Thursday, February 28, 2008

Global patent body wants India to break walls [India]

The international patent body has invited India to join countries that are working on harmonisation, as this will enable patent procedures to be simplified. The harmonisation effort seems to have hit a roadblock given the two contentious issues raised by India and Brazil, namely those pertaining to genetic resources and traditional knowledge protection.

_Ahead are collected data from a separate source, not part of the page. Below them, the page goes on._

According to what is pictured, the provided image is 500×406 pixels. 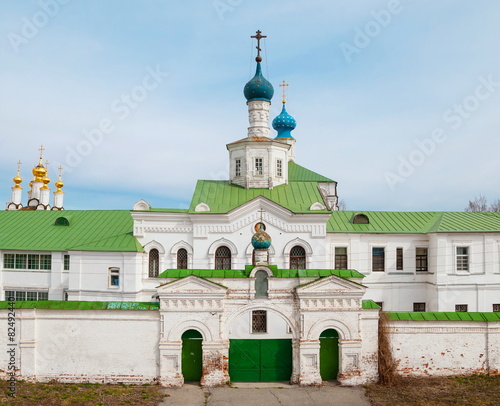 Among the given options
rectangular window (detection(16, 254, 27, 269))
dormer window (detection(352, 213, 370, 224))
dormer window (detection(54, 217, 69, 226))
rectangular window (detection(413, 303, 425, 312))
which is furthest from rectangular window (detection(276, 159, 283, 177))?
rectangular window (detection(16, 254, 27, 269))

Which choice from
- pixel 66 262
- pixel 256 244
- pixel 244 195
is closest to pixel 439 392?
pixel 256 244

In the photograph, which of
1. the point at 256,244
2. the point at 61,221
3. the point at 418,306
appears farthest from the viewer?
the point at 61,221

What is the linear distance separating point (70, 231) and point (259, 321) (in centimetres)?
1259

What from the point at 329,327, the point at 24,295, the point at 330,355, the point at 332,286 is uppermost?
the point at 332,286

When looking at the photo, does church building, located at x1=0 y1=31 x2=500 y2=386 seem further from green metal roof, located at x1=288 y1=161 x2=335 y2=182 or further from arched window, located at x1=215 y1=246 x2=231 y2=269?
green metal roof, located at x1=288 y1=161 x2=335 y2=182

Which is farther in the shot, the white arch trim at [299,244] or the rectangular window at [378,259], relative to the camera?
the rectangular window at [378,259]

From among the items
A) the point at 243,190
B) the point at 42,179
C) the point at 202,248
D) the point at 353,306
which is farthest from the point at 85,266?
the point at 42,179

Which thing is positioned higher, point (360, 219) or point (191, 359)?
point (360, 219)

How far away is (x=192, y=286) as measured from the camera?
14859 millimetres

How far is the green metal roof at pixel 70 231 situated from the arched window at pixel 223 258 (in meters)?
3.69

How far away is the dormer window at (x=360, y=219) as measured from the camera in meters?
25.4

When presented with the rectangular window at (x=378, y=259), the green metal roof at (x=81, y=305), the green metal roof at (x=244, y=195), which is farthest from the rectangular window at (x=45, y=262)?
the rectangular window at (x=378, y=259)

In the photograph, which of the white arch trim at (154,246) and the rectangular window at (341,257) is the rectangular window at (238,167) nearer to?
the white arch trim at (154,246)

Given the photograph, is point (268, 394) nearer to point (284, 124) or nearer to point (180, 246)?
point (180, 246) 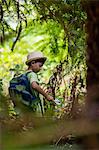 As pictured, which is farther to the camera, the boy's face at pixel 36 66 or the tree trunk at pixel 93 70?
the boy's face at pixel 36 66

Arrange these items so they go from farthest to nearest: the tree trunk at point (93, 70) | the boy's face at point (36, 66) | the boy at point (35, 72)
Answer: the boy's face at point (36, 66)
the boy at point (35, 72)
the tree trunk at point (93, 70)

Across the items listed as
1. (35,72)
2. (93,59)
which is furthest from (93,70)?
(35,72)

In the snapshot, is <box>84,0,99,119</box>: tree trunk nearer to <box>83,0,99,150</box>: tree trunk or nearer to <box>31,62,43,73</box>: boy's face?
<box>83,0,99,150</box>: tree trunk

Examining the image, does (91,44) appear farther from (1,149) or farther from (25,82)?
(25,82)

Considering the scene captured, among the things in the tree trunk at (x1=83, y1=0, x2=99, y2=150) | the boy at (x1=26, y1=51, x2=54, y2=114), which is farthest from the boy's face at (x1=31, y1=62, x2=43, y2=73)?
the tree trunk at (x1=83, y1=0, x2=99, y2=150)

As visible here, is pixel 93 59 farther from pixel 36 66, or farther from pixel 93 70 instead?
pixel 36 66

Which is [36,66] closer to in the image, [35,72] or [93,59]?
[35,72]

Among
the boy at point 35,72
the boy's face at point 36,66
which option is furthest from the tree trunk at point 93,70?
the boy's face at point 36,66

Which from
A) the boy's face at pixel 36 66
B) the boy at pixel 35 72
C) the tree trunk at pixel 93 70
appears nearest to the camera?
the tree trunk at pixel 93 70

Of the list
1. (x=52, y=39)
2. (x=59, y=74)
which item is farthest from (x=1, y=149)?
(x=52, y=39)

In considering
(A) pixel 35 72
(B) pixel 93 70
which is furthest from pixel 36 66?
(B) pixel 93 70

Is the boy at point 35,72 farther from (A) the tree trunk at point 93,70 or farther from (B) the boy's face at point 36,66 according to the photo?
(A) the tree trunk at point 93,70

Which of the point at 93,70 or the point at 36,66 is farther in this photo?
the point at 36,66

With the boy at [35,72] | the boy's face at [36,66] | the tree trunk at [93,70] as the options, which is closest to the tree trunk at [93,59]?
the tree trunk at [93,70] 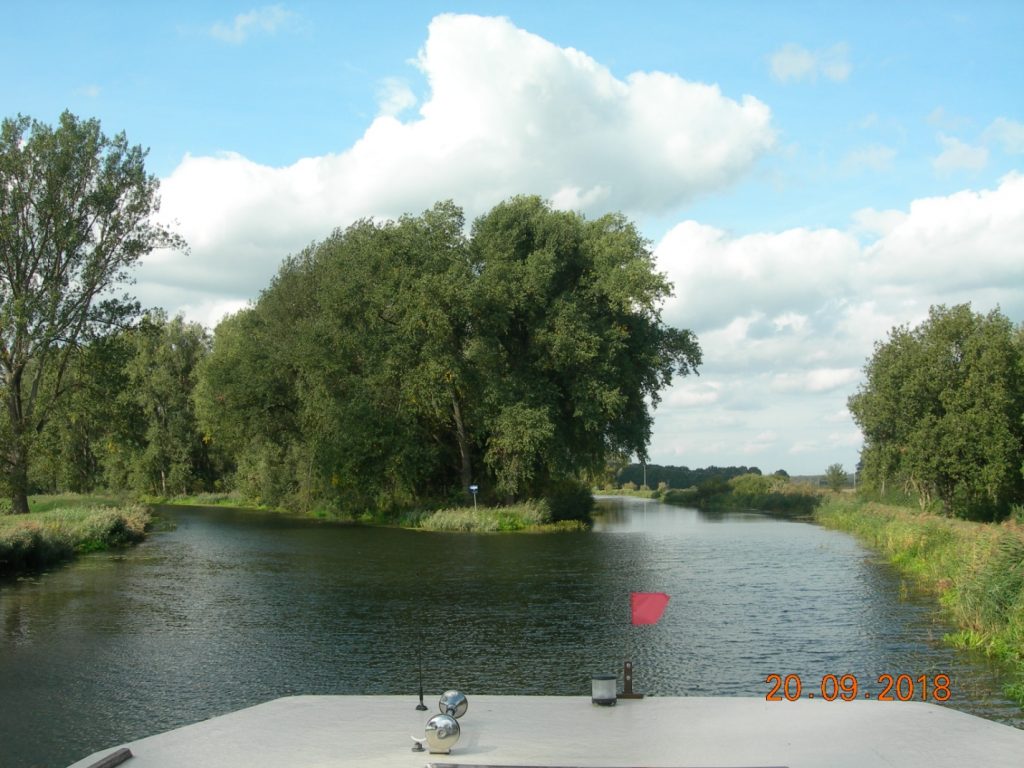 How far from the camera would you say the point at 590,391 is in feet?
146

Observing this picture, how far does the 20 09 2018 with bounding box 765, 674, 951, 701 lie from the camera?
11750 mm

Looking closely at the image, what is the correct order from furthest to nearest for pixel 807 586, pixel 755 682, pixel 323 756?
pixel 807 586 < pixel 755 682 < pixel 323 756

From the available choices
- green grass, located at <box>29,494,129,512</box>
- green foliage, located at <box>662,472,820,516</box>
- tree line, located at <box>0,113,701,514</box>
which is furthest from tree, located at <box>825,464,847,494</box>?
green grass, located at <box>29,494,129,512</box>

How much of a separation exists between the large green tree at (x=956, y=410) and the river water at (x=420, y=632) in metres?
12.2

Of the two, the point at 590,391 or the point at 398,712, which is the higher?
the point at 590,391

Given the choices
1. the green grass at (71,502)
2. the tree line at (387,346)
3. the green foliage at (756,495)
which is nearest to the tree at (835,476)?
the green foliage at (756,495)

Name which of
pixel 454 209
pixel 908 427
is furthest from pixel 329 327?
pixel 908 427

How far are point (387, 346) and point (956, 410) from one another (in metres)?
26.9

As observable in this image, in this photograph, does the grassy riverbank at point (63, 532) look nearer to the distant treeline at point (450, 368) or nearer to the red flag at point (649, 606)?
the distant treeline at point (450, 368)

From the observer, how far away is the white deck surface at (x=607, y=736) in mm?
7648

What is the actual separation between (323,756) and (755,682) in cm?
718

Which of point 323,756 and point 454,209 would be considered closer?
point 323,756

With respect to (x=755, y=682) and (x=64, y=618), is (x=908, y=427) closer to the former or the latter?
(x=755, y=682)

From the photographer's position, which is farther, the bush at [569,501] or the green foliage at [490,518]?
the bush at [569,501] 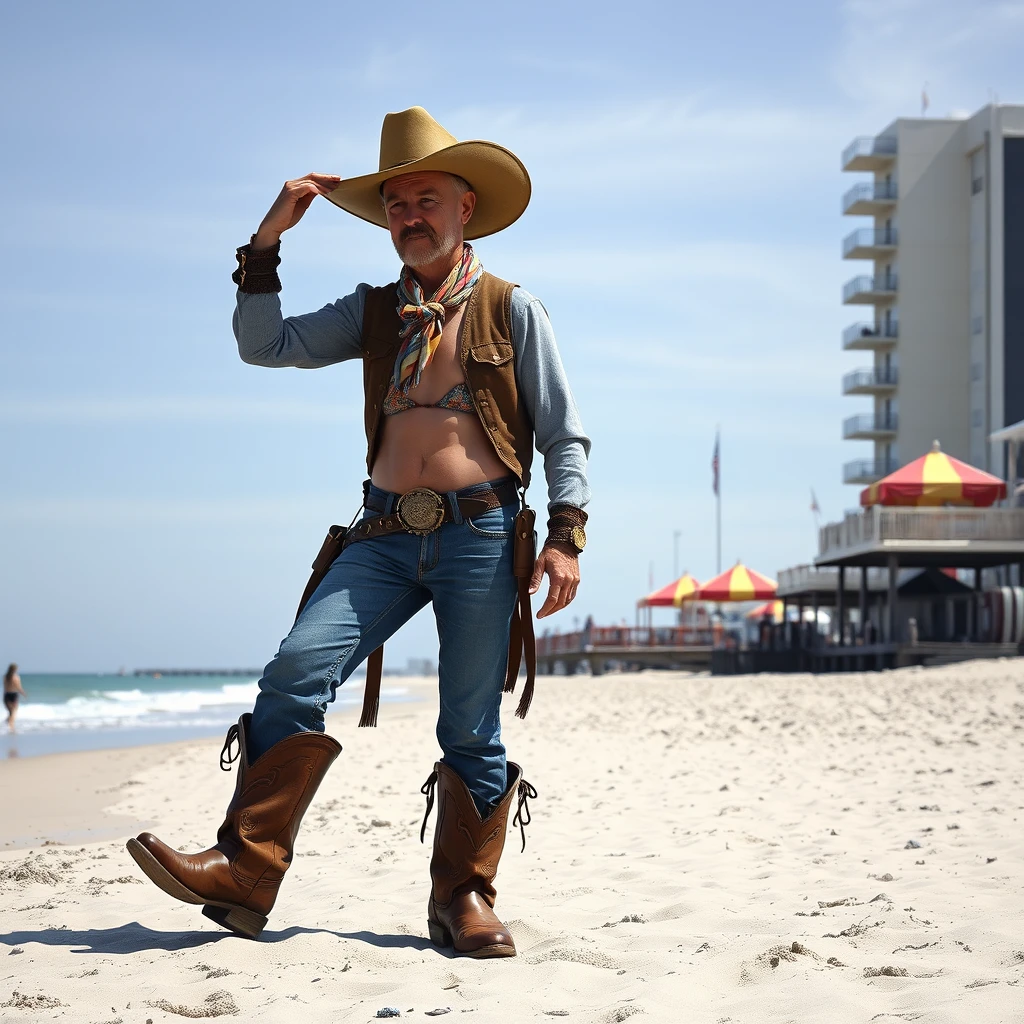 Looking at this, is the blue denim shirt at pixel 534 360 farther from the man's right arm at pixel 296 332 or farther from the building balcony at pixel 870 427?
the building balcony at pixel 870 427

A panel of experts, including the George Washington University Law School (GWULS) professor Martin J Adelman, US Court of Appeals for the Federal Circuit judge Randall R Rader and Bardehle, Pagenberg, Dost Altenburg and Geissler partner Heinz Bardehle shared wide-ranging perspectives on patents at a press conference here on Wednesday. From seeking a simple system for filing a patent to how India has been “killing” patents and “destroying” efforts to harmonise, these issues were among the key points that were touched upon by the panelists. Prof Adelman said India’s wealth is not dependent on traditional knowledge, but the strides it makes technologically and scientifically apart from stoking the entrepreneurial spirit of its people. Everybody will be richer if India and Brazil recognise that traditional knowledge is not a patent issue. The patent system in India is about to expand in an enormous way.

The number of patent applications has more than tripled in recent times. Over 28,000 applications have been filed in the country. The patent examiners have also increased to 150 and given the “work-overload,” approval to have 600 additional examiners in the next five years, are in place, noted Intellectual Property Owners Association executive director Herbert C Wamsley. The patent procedures are under constant process of re-evaluation and the effort is to have a single patent system that will be suitable for all industries. This is needed, especially since it is only fast protection processes that will help industries like IT. “Even before the patent is granted, the technology becomes redundant,” he added. As countries have different systems, the endeavour is to have systems that will be high-quality, timely and cost-effective. This means the focus has to be on bringing harmonisation and uniformity in the patent systems, the experts said. Mr Rader said the world economy is driven by innovation, change and new products are the order of the day. In such a situation, it is imperative that human ingenuity has to get legal protection. Countries like Korea and Taiwan are already creating courts by emulating the models in Japan and the US. Even in the US, statutes to make its patent laws more uniform with the rest of the world, is pending in the Congress. Rather than the first inventor being recognised as the owner of the intellectual property (IP), the attempt is to target the first to disclose it to the public, he added.